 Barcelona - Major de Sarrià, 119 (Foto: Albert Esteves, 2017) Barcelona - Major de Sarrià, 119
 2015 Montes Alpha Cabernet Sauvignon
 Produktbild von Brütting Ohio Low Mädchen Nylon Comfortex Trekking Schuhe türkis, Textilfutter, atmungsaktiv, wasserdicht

+++++

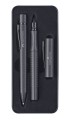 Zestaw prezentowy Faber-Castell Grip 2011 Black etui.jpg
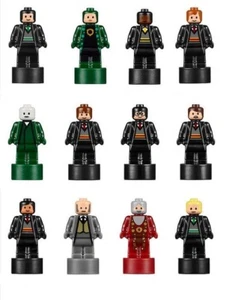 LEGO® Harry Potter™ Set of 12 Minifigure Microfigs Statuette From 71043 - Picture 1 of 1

+++++

■ What the task asks ■
Proceeding from the line containing "2015 Montes Alpha Cabernet Sauvignon" through the line containing "Produktbild von Brütting", transcribe the lines above exactly, both end lines included.

■ Output of the task ■
 2015 Montes Alpha Cabernet Sauvignon
 Produktbild von Brütting Ohio Low Mädchen Nylon Comfortex Trekking Schuhe türkis, Textilfutter, atmungsaktiv, wasserdicht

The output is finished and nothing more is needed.